■ RECORDS

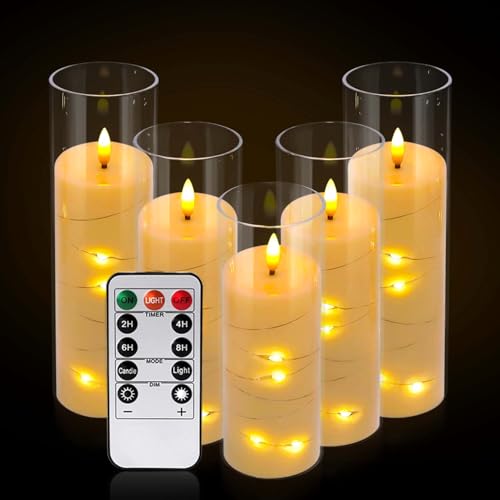 5 Pack Flickering Flameless Candles with Remote 3 Sizes Ivory Halloween Christmas Decor Variation of 5Pcs-Strip Light String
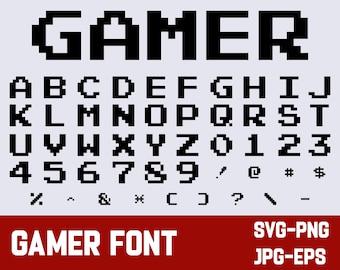 ゲームフォント | ピクセルフォント | ゲーマーフォント ピクセルアートフォント | ピクセルテキストフォント | ゲームピクセルフォント | ピクセルフォント SVG ゲームフォント Cricut 用 ピクセルゲームフォント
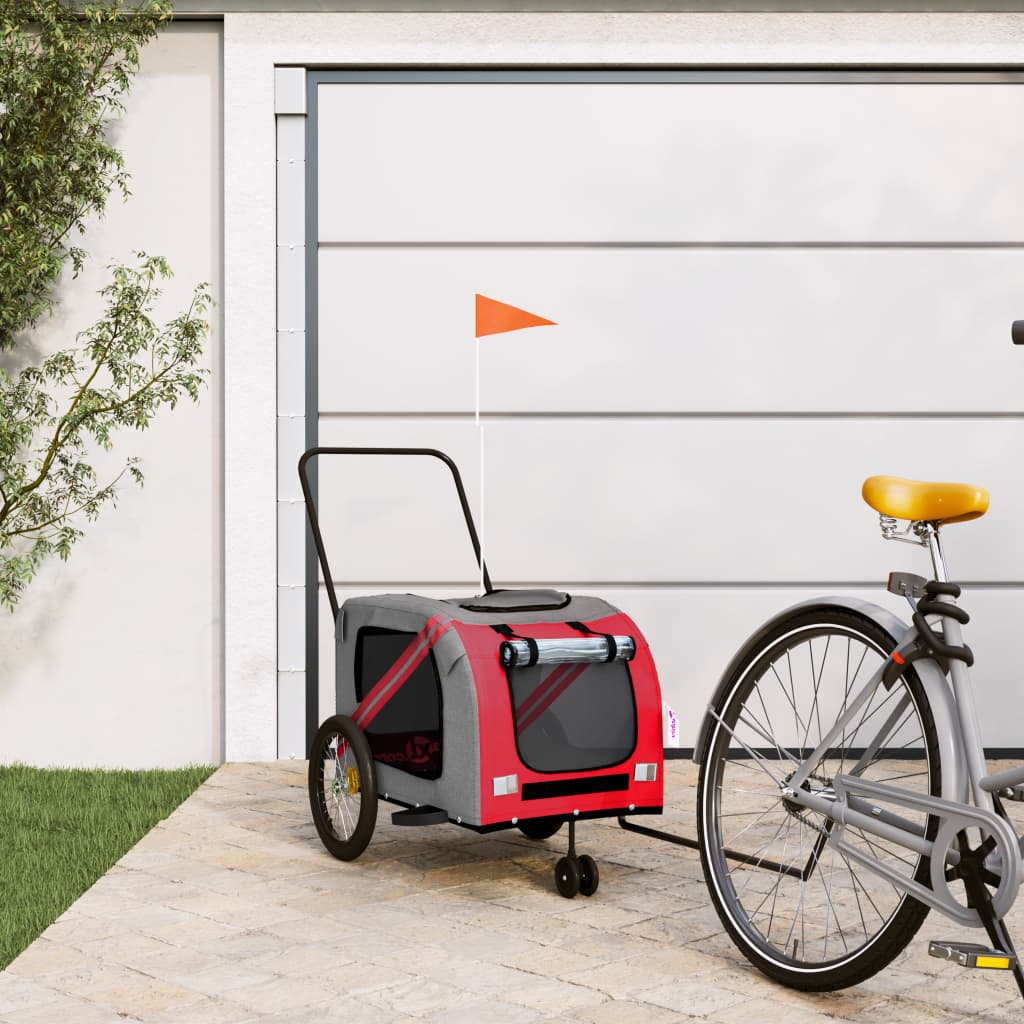 Vetonek Remolque de bicicleta mascotas hierro tela Oxford rojo gris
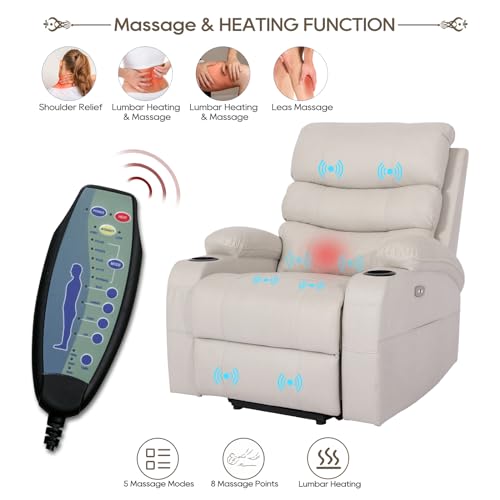 Power Lift Recliner Chair with Massage and Heat for Elderly, Cream Z304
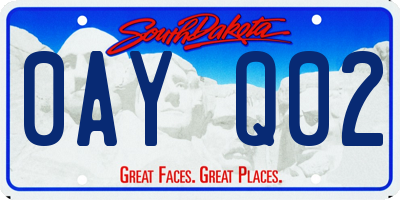 SD license plate 0AYQ02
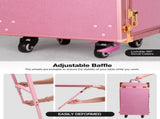 Portable Nail Table, Rolling Manicure Table w/3 Color Light and Speaker, Portable Nail Tech Desk, 08904385
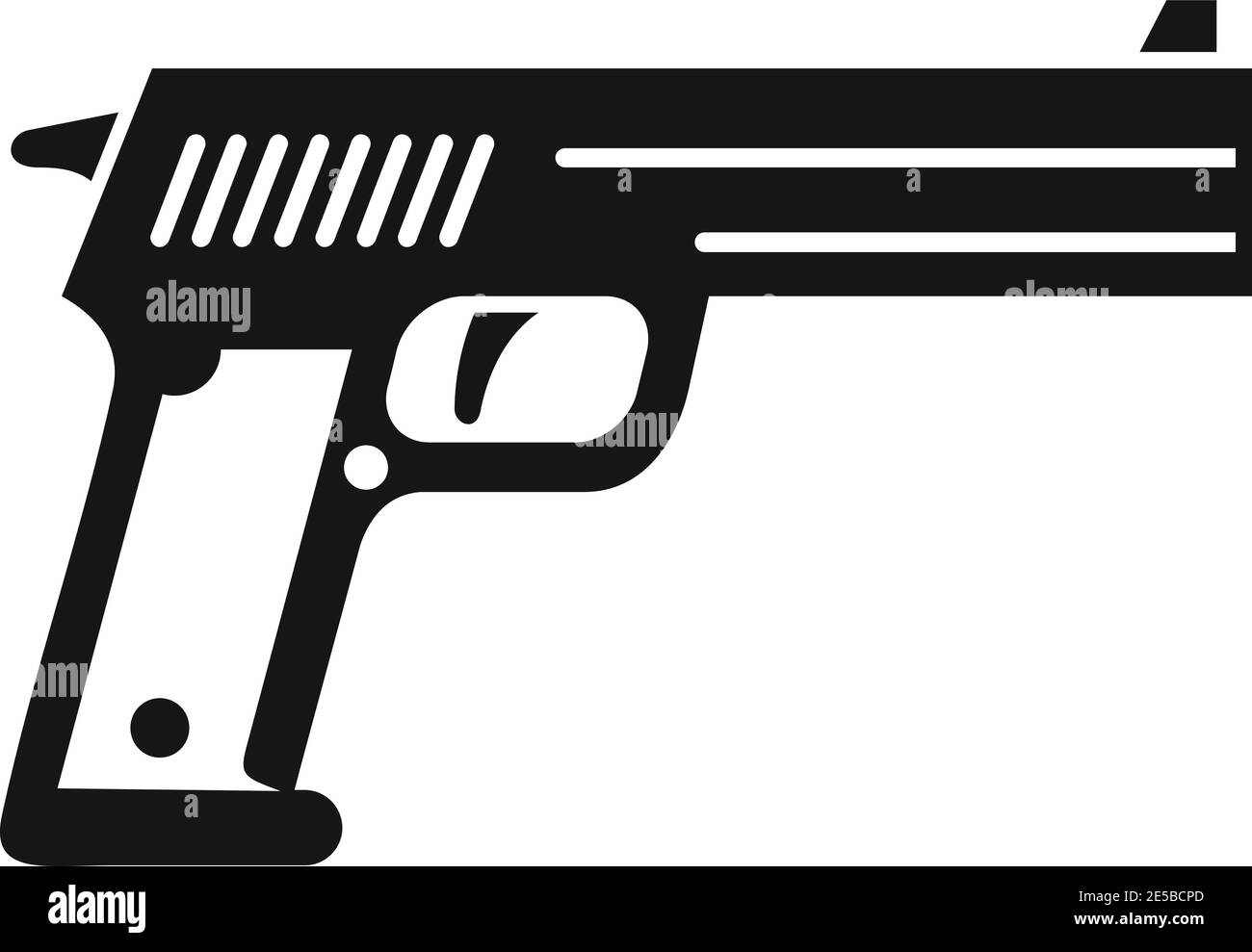 Pistolensymbol des Prüfers. Einfache Illustration von Ermittler Pistole Vektor-Symbol für Web-Design isoliert auf weißem Hintergrund Stock Vektor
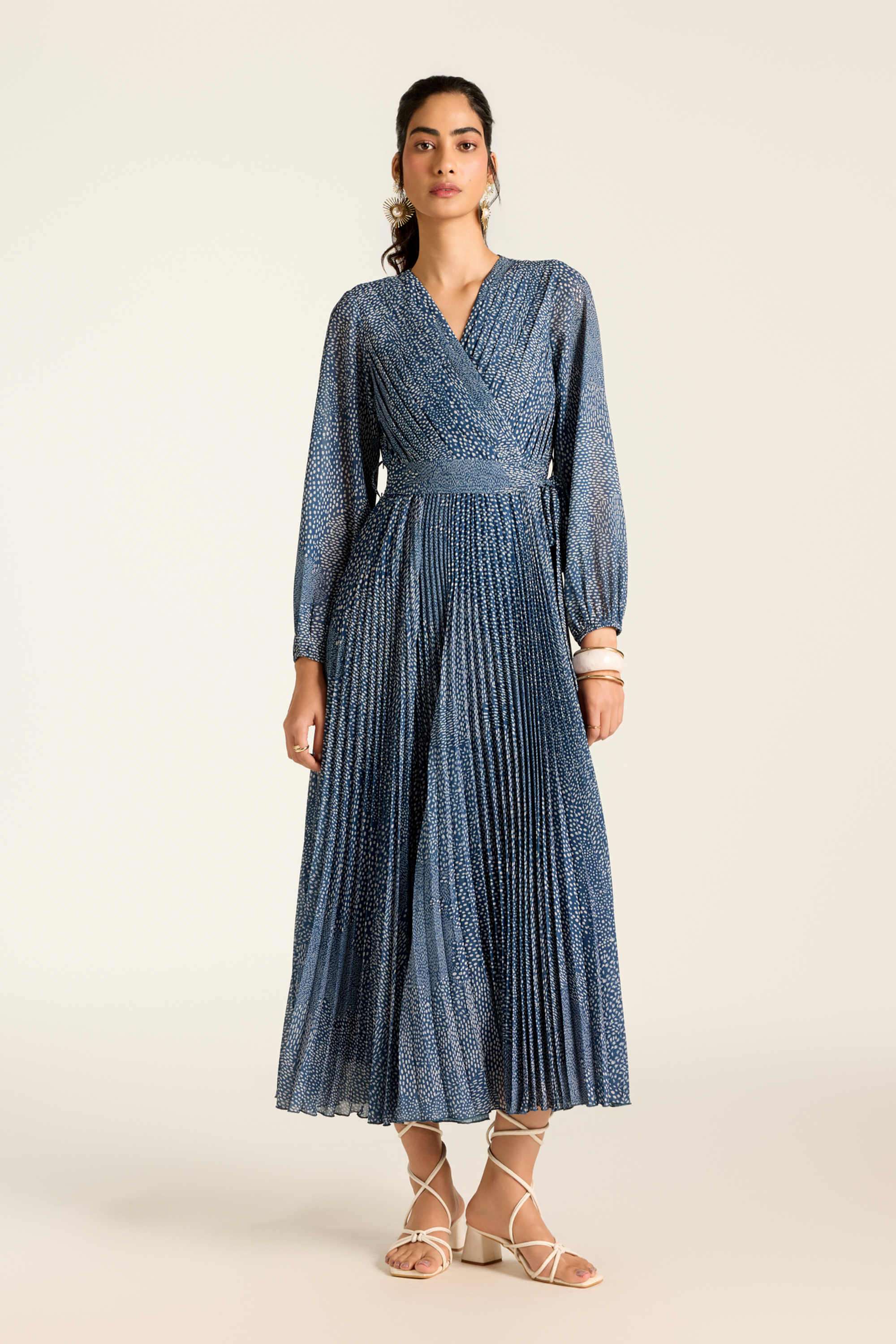 label ritu kumar Printed Blended Fabric Collared Women's Maxi Dress-picture-22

■ WHAT IS EXPECTED
Reproduce the listing exactly, minus its pictures.

■ ANSWER FOR THIS EXERCISE
 5 Pack Flickering Flameless Candles with Remote 3 Sizes Ivory Halloween Christmas Decor Variation of 5Pcs-Strip Light String
 ゲームフォント | ピクセルフォント | ゲーマーフォント ピクセルアートフォント | ピクセルテキストフォント | ゲームピクセルフォント | ピクセルフォント SVG ゲームフォント Cricut 用 ピクセルゲームフォント
 Vetonek Remolque de bicicleta mascotas hierro tela Oxford rojo gris
 Power Lift Recliner Chair with Massage and Heat for Elderly, Cream Z304
 SD license plate 0AYQ02
 Portable Nail Table, Rolling Manicure Table w/3 Color Light and Speaker, Portable Nail Tech Desk, 08904385
 Pistolensymbol des Prüfers. Einfache Illustration von Ermittler Pistole Vektor-Symbol für Web-Design isoliert auf weißem Hintergrund Stock Vektor
 label ritu kumar Printed Blended Fabric Collared Women's Maxi Dress-picture-22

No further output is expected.